The work of Donald Judd, an American post-war artist, is a synonym for Minimalist art. It’s a term to which the artist strongly objected due to its generality, and yet he was remembered as one of the most important minimalists in the history of art. Without making grand philosophical statements, he was approached his work with the intention of creating pieces that assumed a direct material and physical presence. Managing to eschew the classical ideals of representational sculpture, Judd succeeded in creating a rigorous visual vocabulary that sought clear and definite objects as its primary mode of articulation.
Born in Excelsior Springs, Missouri, Judd spent most of his childhood on his grandparents’ farm before moving to New Jersey with his parents.

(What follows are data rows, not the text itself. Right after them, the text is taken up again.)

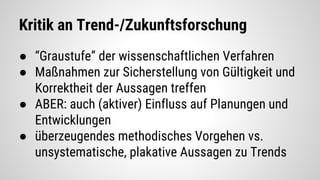 Kritik an Trend-/Zukunftsforschung
● “Graustufe” der wissenschaftlichen Verfahren
● Maßnahmen zur Sicherstellung von Gültigkeit und
Korrektheit der Aussagen treffen
● ABER: auch (aktiver) Einfluss auf Planungen und
Entwicklungen
● überzeugendes methodisches Vorgehen vs.
unsystematische, plakative Aussagen zu Trends
 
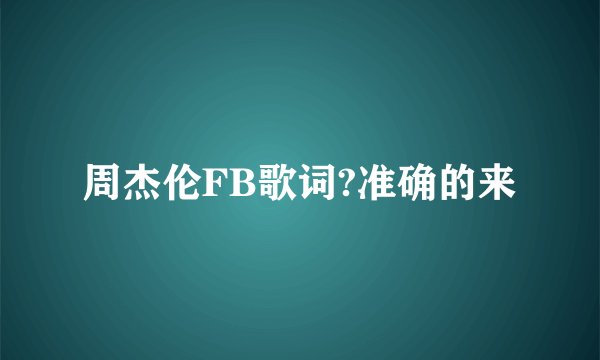周杰伦FB歌词?准确的来
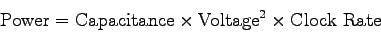 \begin{displaymath}
{\rm Power} = {\rm Capacitance} \times {\rm Voltage}^2 \times {\rm Clock\
Rate}
\end{displaymath}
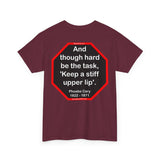 s2t- And though hard be the task, 'Keep a stiff upper lip'.  -  Phoebe Cary  1822 - 1871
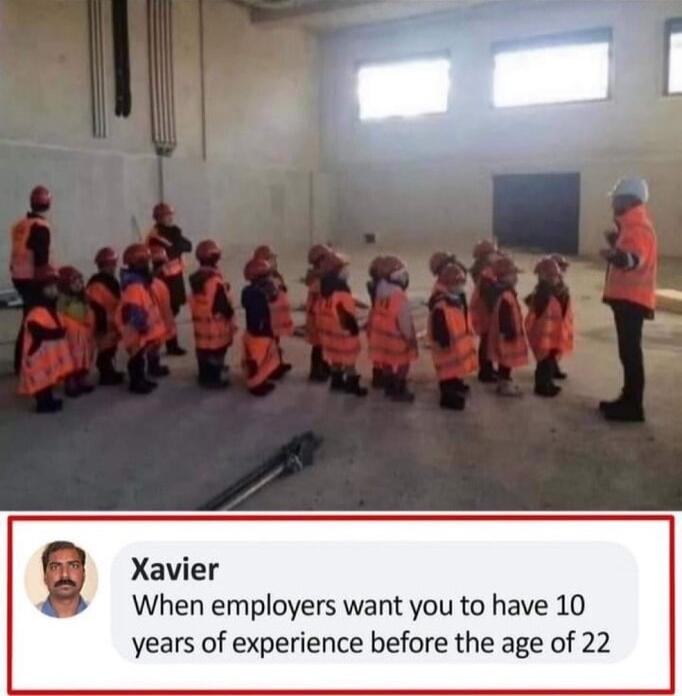 Xavier When employers want you to have 10 years of experience before the age of 22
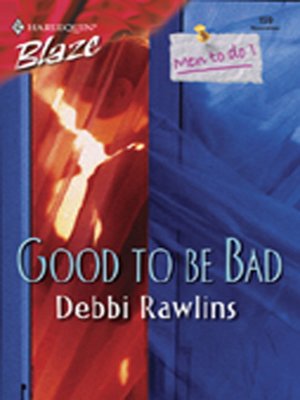cover image of Good To Be Bad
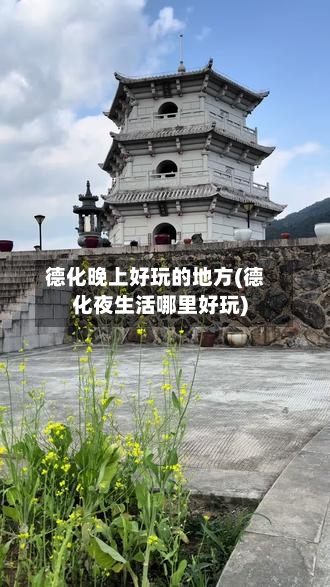 德化晚上好玩的地方(德化夜生活哪里好玩)-第2张图片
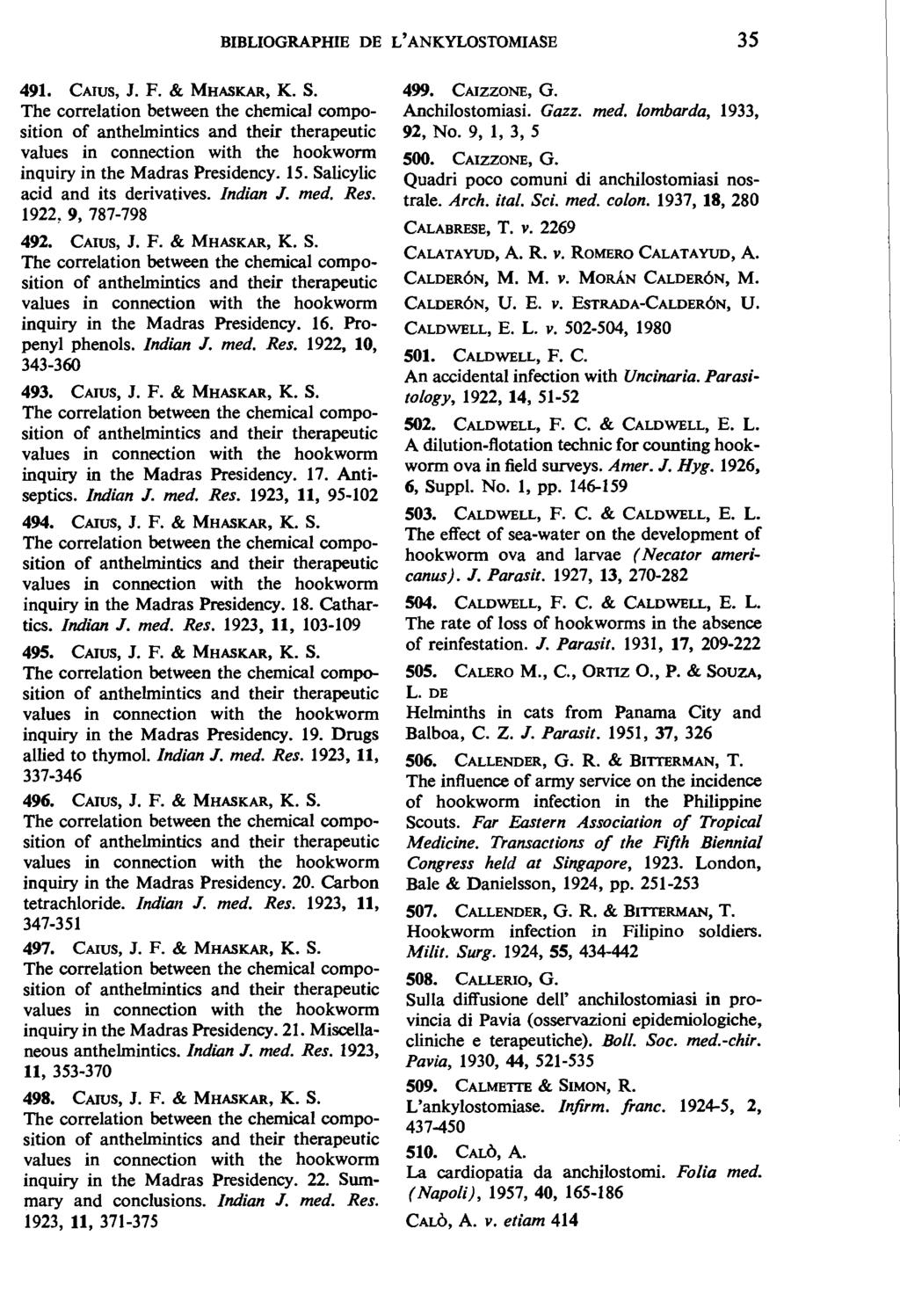 BIBLIOGRAPHffi DE L' ANKYLOSTOMIASE 35 491. CAIUS, J. F. & MHASKAR, K. S.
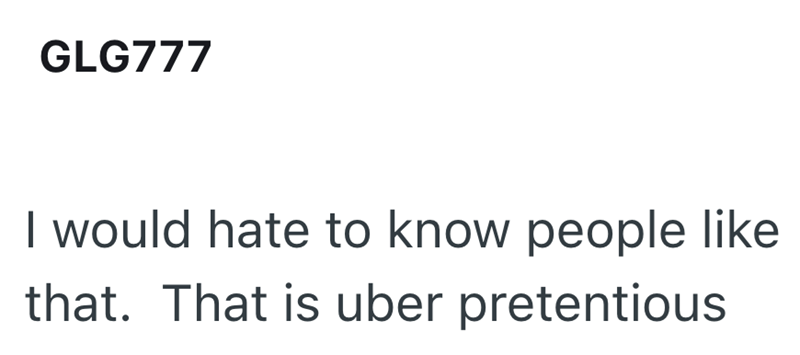 GLG777 I would hate to know people like that. That is uber pretentious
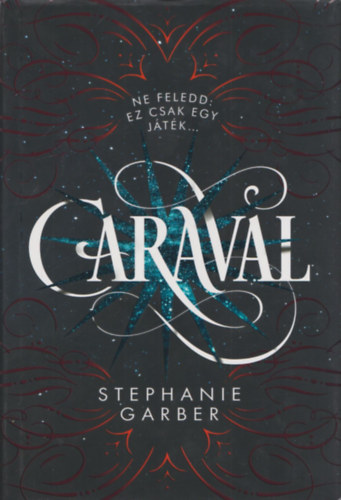 Stephanie Garber: Caraval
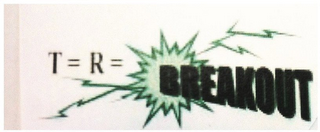 T = R = BREAKOUT logo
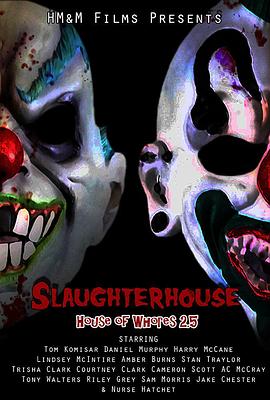Slaughterhouse：HouseofWhores2.5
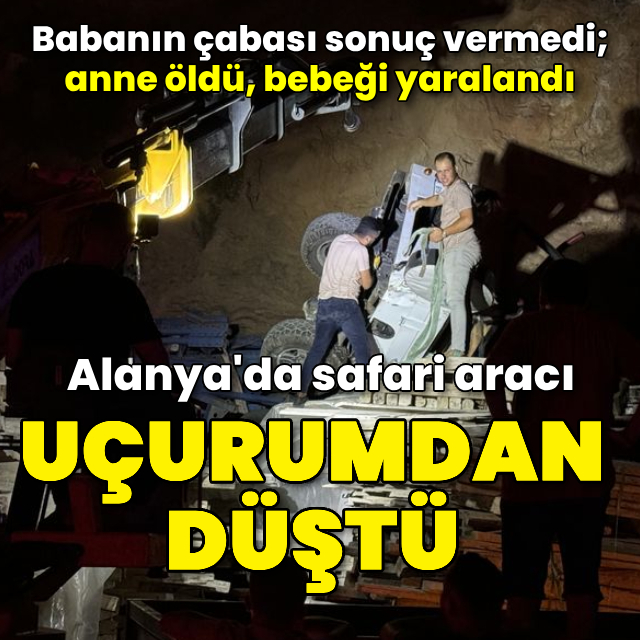 Safari aracı uçurumdan düştü! Anne öldü, bebeği yaralandı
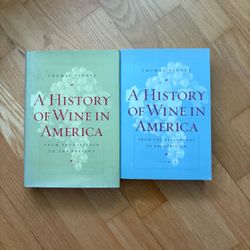 A History of Wine in America by Thomas Pinney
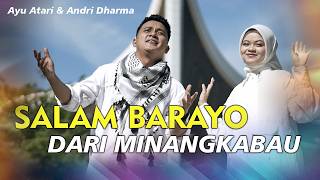 Download lagu Ayu Atari & Andri Dharma - Salam Barayo Dari Minangkabau mp3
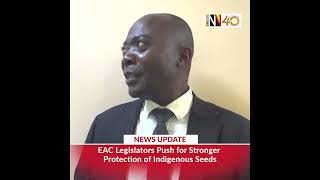 EAC legislators push for stronger protection of indegenous seeds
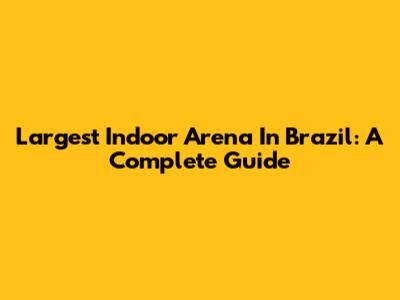 Largest Indoor Arena In Brazil: A Complete Guide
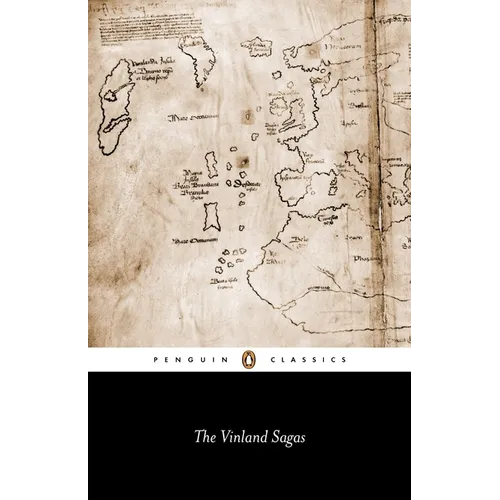 The Vinland Sagas: The Icelandic Sagas about the First Documented Voyages Across the North Atlantic - Paperback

After serving in the United States Army in Korea, he studied at the College of William and Mary, the Art Students League in New York, where he earned his B.S. in Philosophy in 1953. He received his master’s degree in Art History from Columbia University. Between 1959 and 1965, he supported himself by regularly writing reviews of contemporary exhibitions for magazines such as Arts, Arts Magazine, and Art International, but actually continued to write throughout his life on a broad range of subjects. In 1964, Judd wrote Specific Objects, an essay (truly manifesto-like), through which he called for the rejection of the residual, European value of illusionism and advocating an art based upon tangible materials. Aligning himself with other artists such as Dan Flavin, Jasper Johns, and John Chamberlain, Judd began to openly emphasize the use of materials considered as non-traditional at the time, like steel, neon lighting, aluminum, and found objects. In his reviews and essays, he discussed in detail the work of more than 500 artists showing in New York in the early and mid-1960s, providing a critical account of this significant era of art in America. Frequently analyzing the work of Kazimir Malevich, Jackson Pollock, Ad Reinhardt, Barnett Newman, Claes Oldenburg and many others, Judd addressed the social and political ramifications of art production.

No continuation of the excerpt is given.